Graduate and professional students will have access to the parts of campus normally open to them, such as their own school, the campus libraries, most classroom buildings, the main gym, and common spaces, among others.

What athletic programs will continue?

On July 8, 2020, the Ivy League announced that there will be no intercollegiate athletics competition in the fall semester.

Will there be places to study and socialize outside of the residential colleges and classrooms?

Yes, most facilities on campus will be open, with social distancing in force. While the weather is good, we encourage you to use outdoor spaces, as the risk of transmission of the coronavirus is lower outdoors.

Can I have visitors?

In the fall semester, visits to campus by people who are not Yale students, faculty, or staff will be strictly limited. These limits will be reviewed in mid-November in accordance with prevailing public health guidance. No non-Yale visitors will be allowed in the residential colleges.

Can I go to stores and restaurants in New Haven?

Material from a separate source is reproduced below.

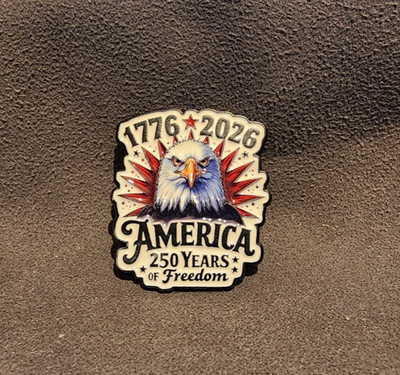 America 250 Years of Freedom 1776-2026 Patriotic Bald Eagle Lapel Brooch Hat Pin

Students may go to stores and restaurants in New Haven as long as they follow public health guidance currently in place, such as wearing masks and practicing social distancing.

Travel

Am I allowed to travel outside of Connecticut?

Travel outside of Connecticut is discouraged for faculty and staff for the duration of this public health crisis. Undergraduates may travel only for emergencies or with approval from their residential college deans’ offices for travel that is essential for educational or personal reasons. The university strongly urges graduate and professional students to limit their travel. Everyone should wear masks or other face coverings and practice social distancing to the greatest extent possible while traveling.

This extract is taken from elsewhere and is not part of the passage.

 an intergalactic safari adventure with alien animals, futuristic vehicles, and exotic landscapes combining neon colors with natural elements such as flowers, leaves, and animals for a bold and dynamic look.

What is the State of Connecticut’s guidance on travel, and how does that impact me?

To reduce the risk of importing COVID-19, the State of Connecticut requires individuals travelling to Connecticut from high incidence states to quarantine for 14 days following their arrival. This requirement applies to all arriving or returning students, faculty, and staff. Please refer to the state website for details, and check back frequently as this information may change.

Learn more about the key implications for the Yale community by visiting the Travel into Connecticut from Travel Advisory States page.

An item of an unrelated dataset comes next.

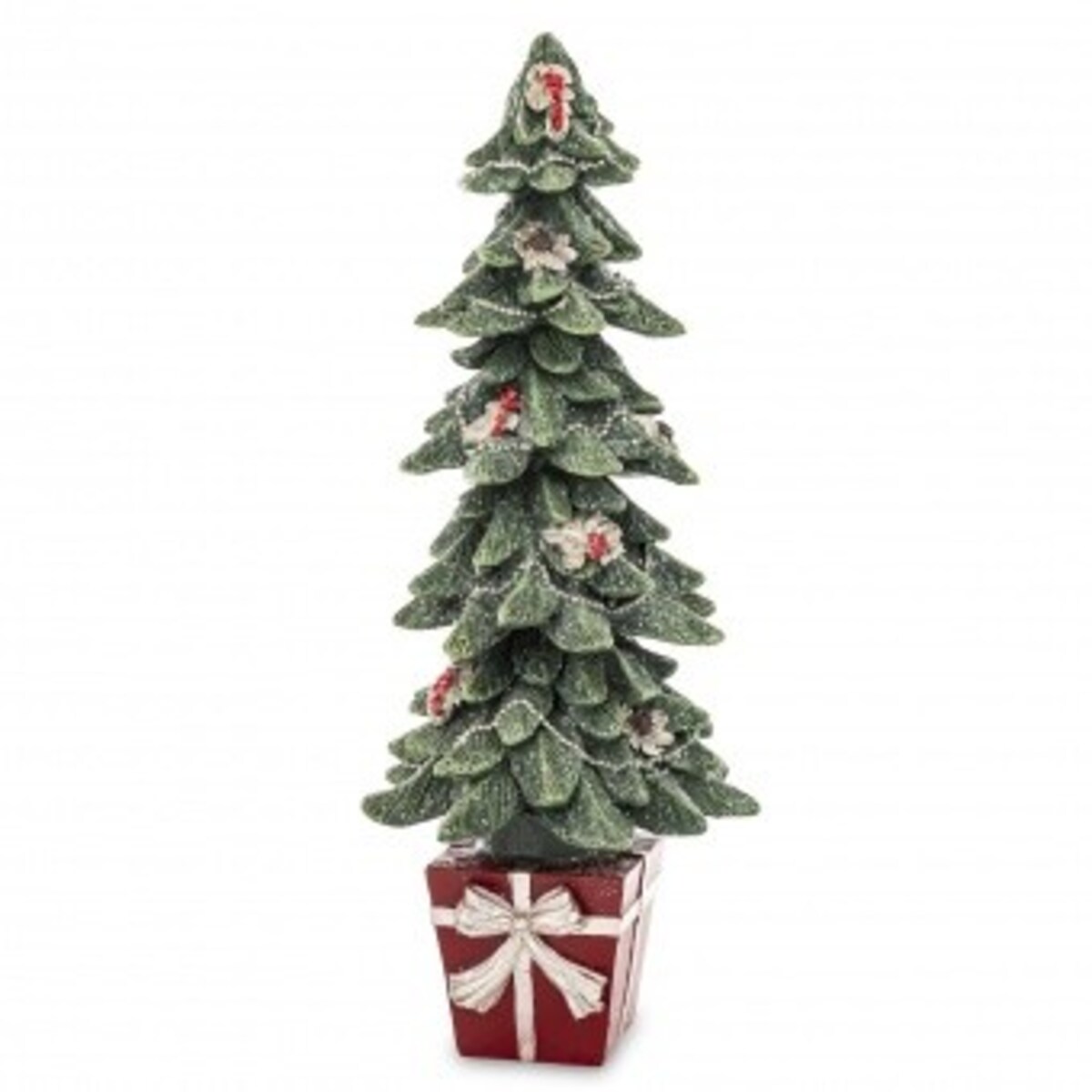 Dekoracja - choinka w czerwonym pudełku 32x13x13 cm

How to Ask Questions & Raise Concerns

Are there resources that chairs, principal investigators, and other supervisors may consult for both guidelines and assistance?

All managers are strongly encouraged to contact their HR Generalist to consult about workplace planning.  If you do not know who your HR Generalist is, please consult the Human Resources Generalist website.

Whom can I contact with specific questions about my return to campus?

Campus COVID Resource Line
203-432-6604 or 866-924-9253
Available seven days a week, 8 a.m. - 5 p.m.

Employees with specific questions should consult with their deans, managers, or the Employee Service Center at 203-432-5552. Employees may also email their questions at any time to employee.services@yale.edu.

Is there a procedure in place for reporting sensitive concerns, such as about co-workers or others failing to follow health and safety protocols?

Yes. A member of the Yale community who has a concern about compliance with COVID-19 health and safety policies or regulations may raise that concern in one of two ways. First, a community member who feels comfortable doing so may report a concern to their supervisor, their human resources representative, or a supervising faculty member. Second, a community member may make an anonymous or identified report through the University Hotline. The hotline is available 24 hours a day, seven days a week.

University policy prohibits retaliation against community members who in good faith report possible violations of Yale policy, including possible violations of health and safety standards related to COVID-19.

Whom can I contact for additional questions about COVID-19 testing for students?

Students will receive an email in August with a full description of the testing program and detailed instructions on how to obtain testing.

However, students who have questions about the advisability and frequency of additional asymptomatic testing may call the COVID Campus Resource Line, which is staffed by health care professionals, at 203-432-6604.